China has engaged Washington in a series of reciprocal tariffs – while the rest of Asia watches and makes other plans.

Despite overtures made by China to negotiate and avoid a trade war, Beijing has signalled that it will not back down from Washington’s protectionist trade policies.

The US administration decided last month to impose a 25-percent tariff on steel imports and a 10-percent tariff on aluminium imports from countries including China.

Some countries, including South Korea, have renegotiated trade pacts with the United States to exempt themselves from the tariffs.

Japanese Prime Minister Shinzo Abe plans to urge Trump in person to offer Japan an exemption from the tariffs, according to the Yomiuri Shimbun.

But where some countries have kowtowed to US pressure, China has reversed course and is aggressively countering US policies.

Tit for Tat

China on Thursday filed a request for consultation with the World Trade Organization regarding Washington’s tariffs on steel and aluminium imports.

“With the United States refusing to enter compensation negotiations in accordance with WTO rules, China has to initiate the dispute settlement procedure to protect its rights and interests,” Beijing said in a statement.

China also imposed levies on $3 billion worth of US fruits, nuts, pork and wine to protest the Trump administration’s move to impose tariffs on steel and aluminium imported from China last month.

On Tuesday, the Trump administration proposed levying 25 percent tariffs on 1,300 Chinese goods in aviation, technology and machinery sectors, which would add up to about $50 billion annually.

In retaliation, China on Wednesday announced plans to impose its own 25 percent tariff on $50 billion worth of US exports including aircraft, cars and soybeans.

“If the US decides to impose tariffs on Chinese goods in an aggressive way, it will be surprised by the fact that China has the ability to fight back aggressively, too,” said Zhang Monan, director of the Institute of International Trade. “After all, the US relies on Chinese products more than China relies on US goods.”

According to Nirmal Ghosh of the Straits Times, “China’s imposition of tariffs targets part of US President Donald Trump’s political base.”

Those hardest hit by the tariffs will be farmers, blue-collar workers and the manufacturing base, key elements of Trumps demographic and a something to be taken to account as the United States gears itself up for mid-term elections in November.

Both sides have tried to ease fears and have publicly said that they are not embroiled in a trade war, Trump himself tweeted as much.

Meanwhile, China’s state-owned papers have gone on the offensive and highlighted ways the tariffs were bad for both countries and the mistakes made by the Trump administration.

“By threatening protectionist tariffs, Trump has caused a major disruption in the global trading system and also put Americans in harm’s way.

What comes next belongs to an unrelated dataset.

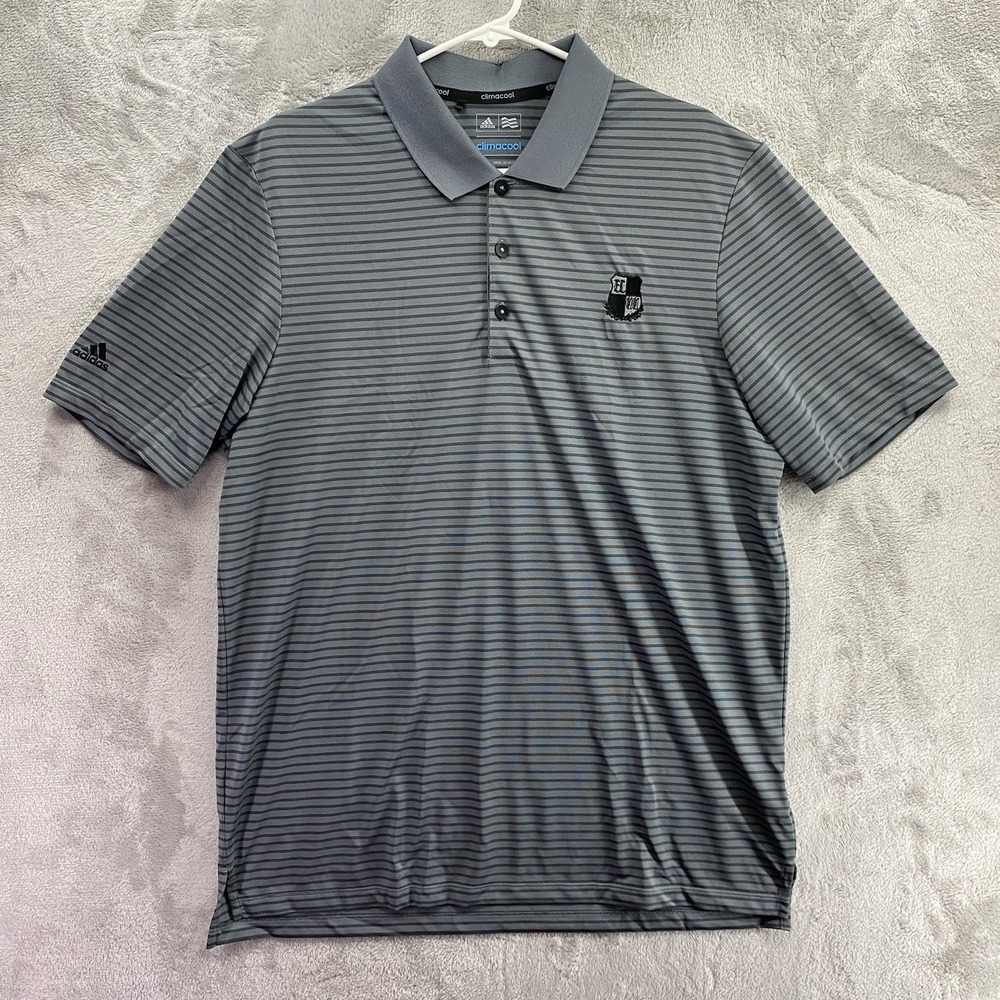 Adidas ClimaCool Gray Striped Golf Polo Men's L Embroidered Crest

US consumers, farmers and blue-collar workers, many of whom voted for Trump, have been hurt already,” said Chen Weihua in an editorial in the China Daily.

“The Trump administration should realize that such a ploy will not work with China, a country that will not yield to any external pressure aimed at compromising its interests,” said another China Daily editorial.

Asia watches

With the world’s two largest economies looking set to continue their tit-for-tat measures, the rest of Asia has quietly begun enacting contingency plans.

South Korea said that it would reduce its reliance on its two main export destinations, the US and China, and diversify its markets to Eurasia, ASEAN and India, according to the Ministry of Trade, Industry and Energy.

Other countries across Asia have also revived the Obama-administration led Trans-Pacific Partnership – only this time without US involvement.